There is just one niggling unknown for administrators, tourism officials, coaches and fans alike: the weather. September, when the tournament kicks off, is one of the peak months for chaotic conditions in Japan, with an average of three major tropical cyclones per year hitting the country’s main islands. This month the biggest storm for 25 years struck Kobe (where Ireland will play Russia) and Osaka, both of which will be hosting World Cup games, leaving a trail of death and significant travel disruption in its wake.
Conditions were so extreme that, had it been 12 months later, neither of the team camps allocated to Italy or the USA in Osaka would have been available for use.
Such relative inconveniences clearly need to be kept in perspective but given Japan also experiences more than 1,500 earthquakes a year on average, there is unusual scope for disruption even for the most organised squads. On 6 September a magnitude 6.7 earthquake struck the northern island of Hokkaido and the city of Sapporo, where England will be based for their opening match, killing up to 40 people and leaving millions without power.
The tournament’s director, Alan Gilpin, accepts it is “a real hot topic for us”, acknowledging a similar pattern of events in 12 months’ time would severely complicate matters. “Teams like Australia and England would have been arriving in Sapporo in that time frame. So, yes, we are planning right through from what happens if a team hotel is lost, what happens if a training venue is lost, through to what happens if one or more match venues are lost. Where do you relocate matches to, what are the time frames, how does that affect transport, planning, moving teams around? We are working through all those scenarios.”
The upside, Gilpin argues, is that the host nation is accustomed to such crisis management. “Japan copes very well with the adverse weather and other environmental issues they have. Their venues and hotels are built to withstand incredibly adverse conditions, so in some respects they are less affected. What you tend to see in Japan is older buildings and structures being affected when they have either earthquakes or typhoons but we obviously have to take that seriously.
“I think the teams are all aware of the territory we’re dealing with. They’re very aware of the need to have contingency plans in place.”
Mix in the sizable insurance implications or the possibility of a sudden complete broadcasting blackout on the eve of a major game and it is abundantly clear why this ranks as the most challenging World Cup operationally in Gilpin’s experience.
Culturally, too, it will be significantly different, not least for players with multiple tattoos.
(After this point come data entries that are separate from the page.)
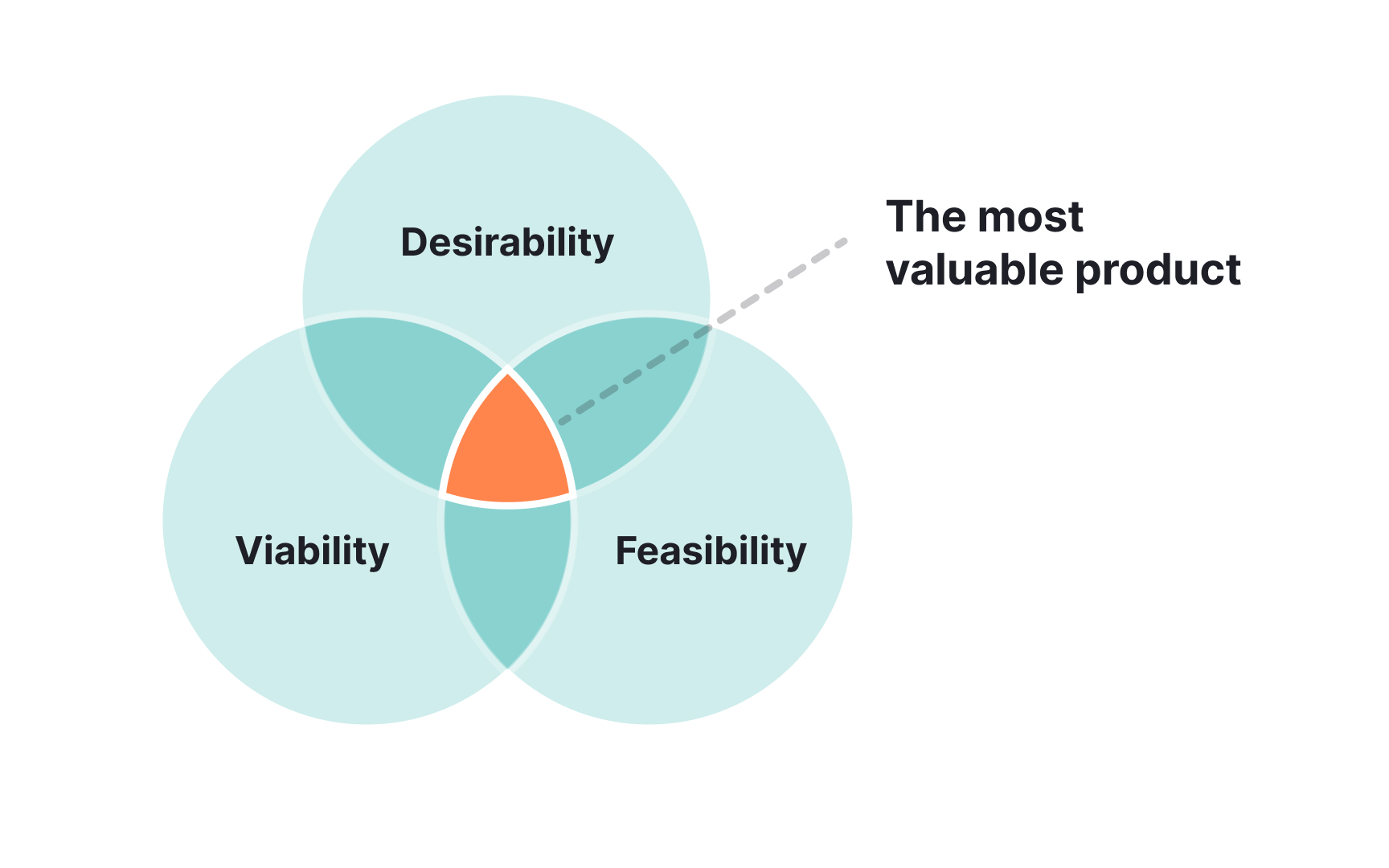 The product management triangle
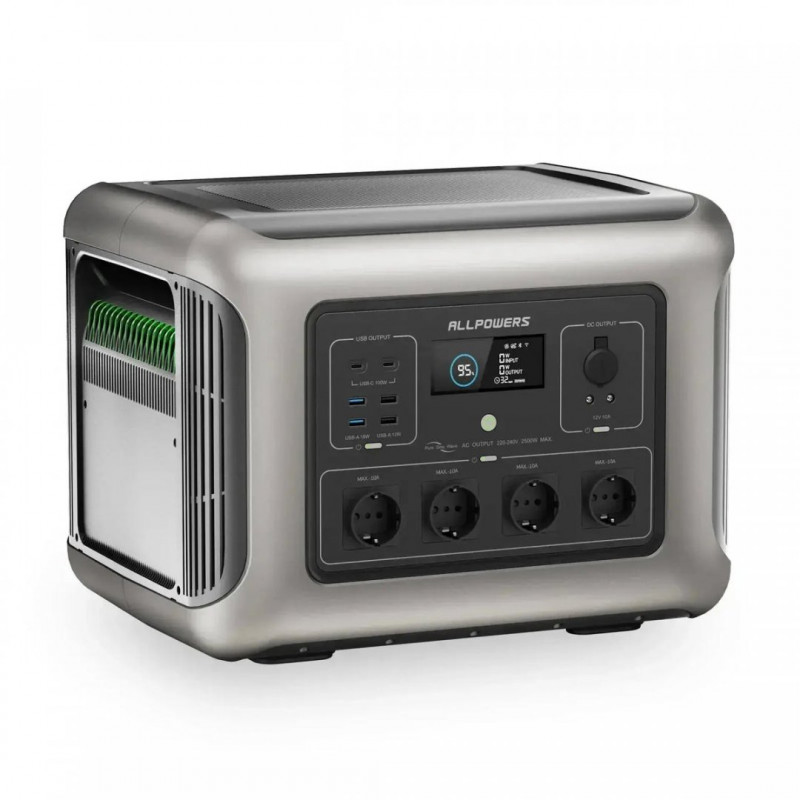 Зарядная станция AllPowers R2500 V2 1920Wh 2500W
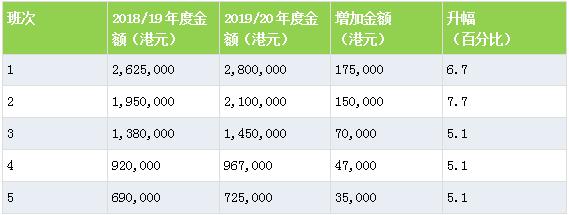 2025年2月26日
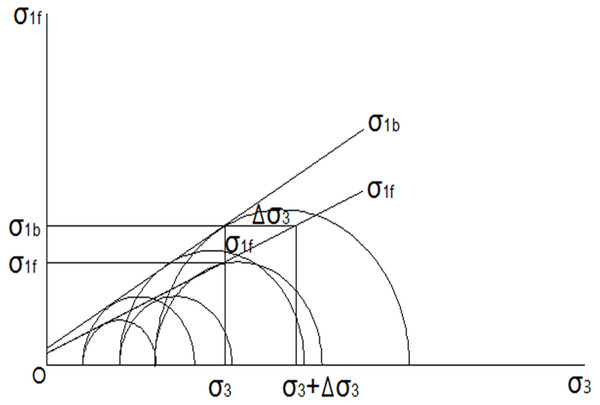 The relationship between σ1 and σ3 in the soil-root composite and un-reinforced soil.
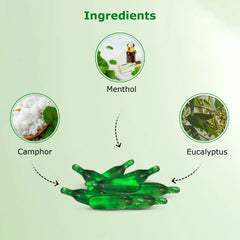 Natural Horizons Inhalent Capsules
In Japan these are associated with the country’s mafia equivalent, the Yakuza, and squads have already been requested to show respect in public areas such as swimming pools or gyms by wearing rash vests.
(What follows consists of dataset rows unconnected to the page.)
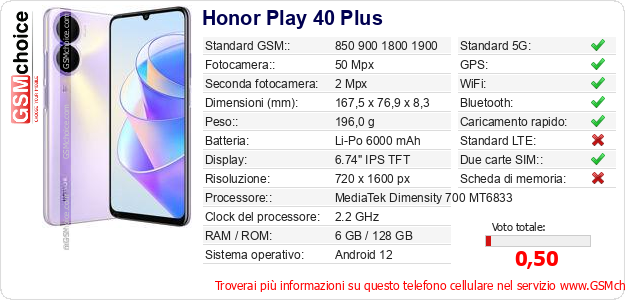 Honor Play 40 Plus Dati tecnici di telefono cellulare 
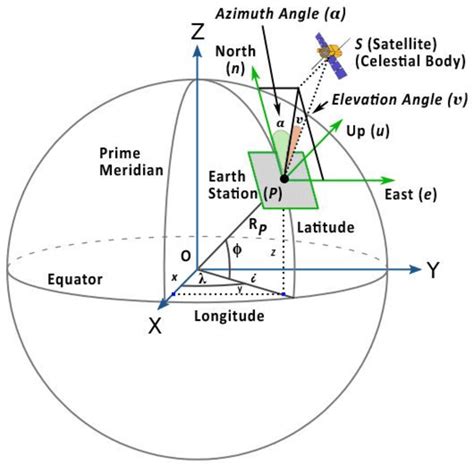 Conceptual Earth model for calculating Azimuth angle (í µí»¼) and... | Download Scientific Diagram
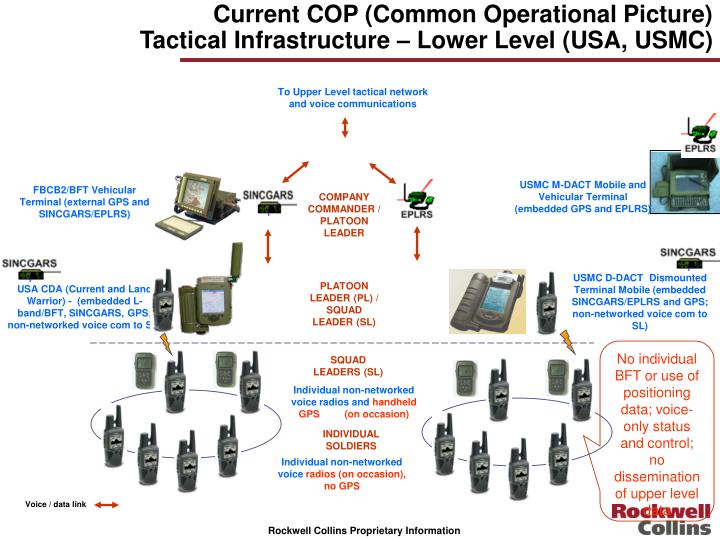 Ppt - Soldier’s Digital Assistant (sda) Powerpoint Presentation - Id 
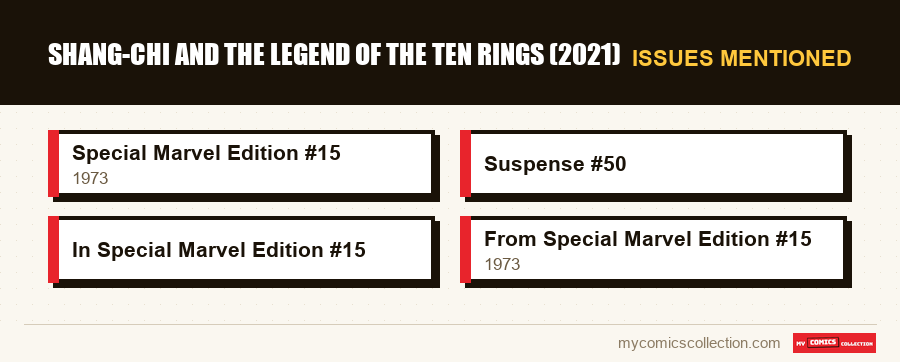 Issues mentioned : Shang-Chi and the Legend of the Ten Rings (2021)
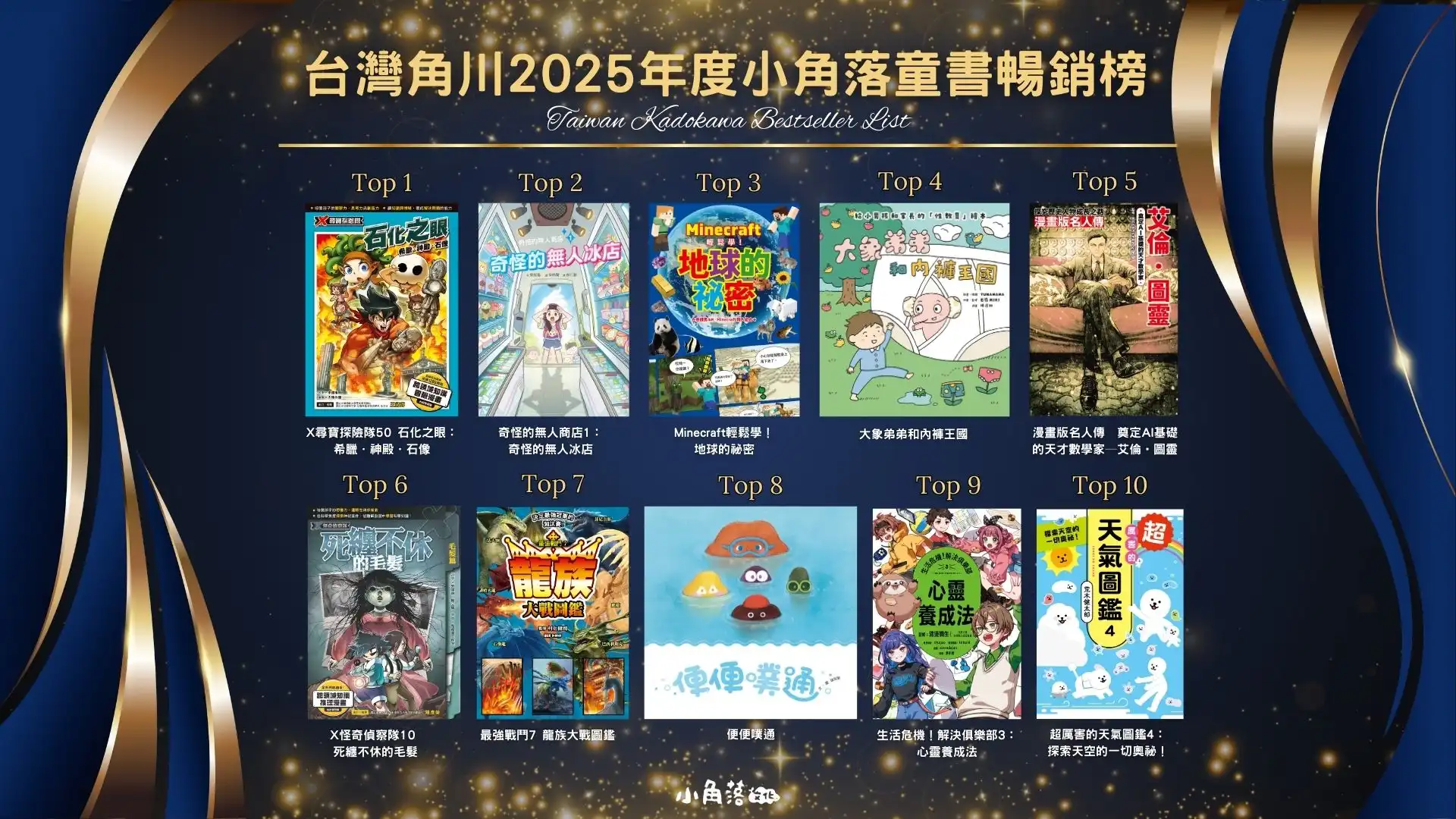 台灣角川 2025 年度暢銷書籍排行榜揭曉！全書系熱銷榜單正式公布，話題與實力作品齊聚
“We have done a lot in the last year or so with the teams to get them to understand that,” Gilpin adds. “When we raised it a year or so ago we were probably expecting frustrated reaction from teams, and there hasn’t been at all. We won’t force any teams to cover up, but they want to because they want to be seen to be respecting the Japanese culture.” Changing footwear when entering or leaving a building will also be quietly encouraged.
England, either way, will have one unique local advantage: Eddie Jones is among Japan’s most celebrated rugby figures, having steered the Brave Blossoms to their incredible RWC pool win over South Africa in Brighton in 2015. Jones’s return may well also increase the number of neutrals keen to buy into the tournament, regardless of how Japan perform this time round. “People who know nothing about rugby in Japan know all about the All Blacks and Eddie Jones,” says Gosper.
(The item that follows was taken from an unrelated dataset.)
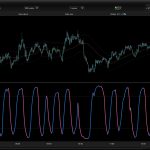 DSS Bressert Scalper Improved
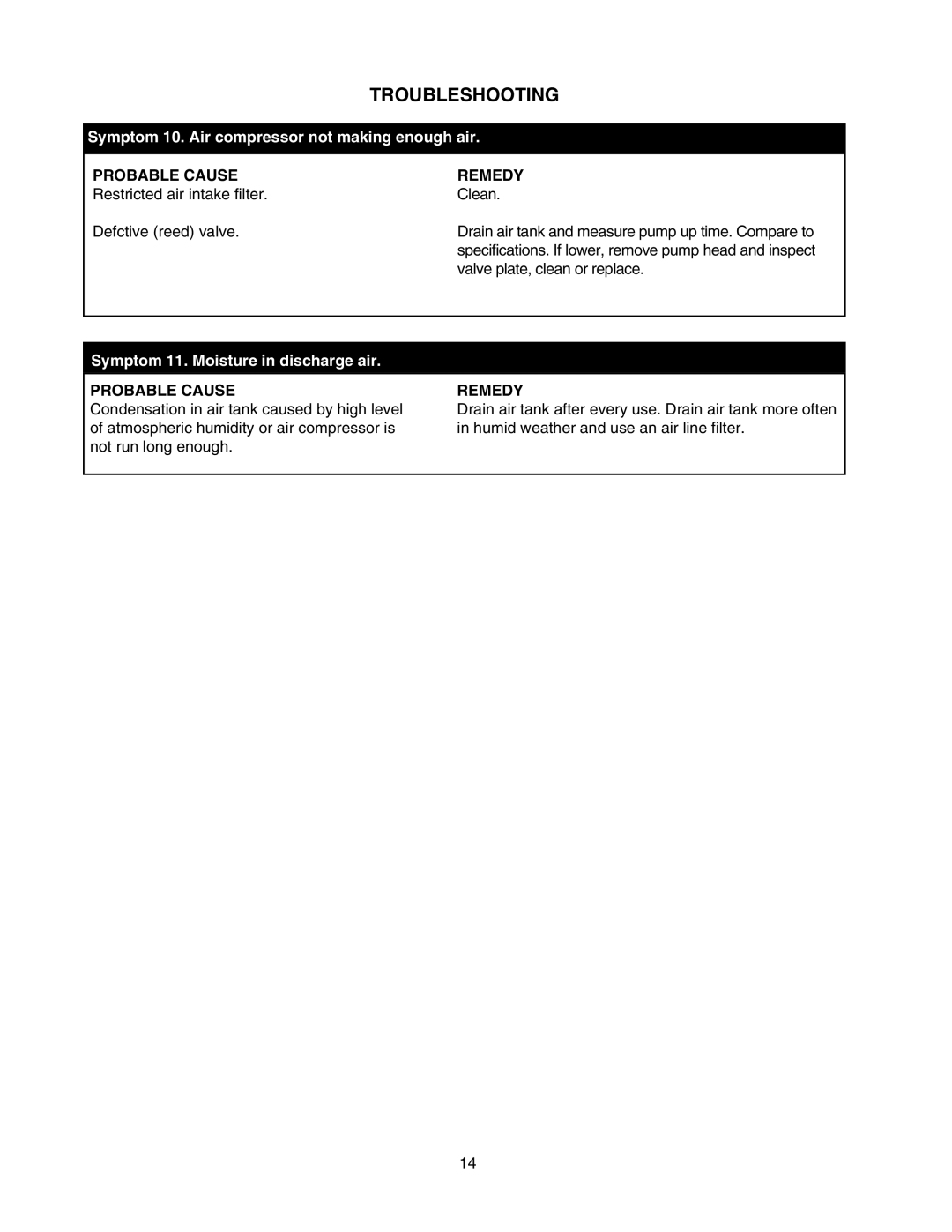 Senco PC1010 operating instructions Symptom 10. Air compressor not making enough air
There is also a sizable local desire to get things right, with the Olympics also bound for Tokyo in 2020. A big-event culture exists in Japan and there were 2.5 million preliminary ticket applications for 1.8 million seats. The general ticket ballot opens on Wednesday and some 400,000 international visitors are confidently expected to check out the land of the rising scrum for themselves.
Newcomers will be best advised to park their preconceptions, invest in a good phrasebook and strap themselves in for an unmissable bullet train of a ride all the way to the final in Yokohama on November 2nd 2019. “Ground-breaking is not a phrase they like to use out there but it will be a special World Cup,” added Gosper. All that remains is for the weather gods to play ball.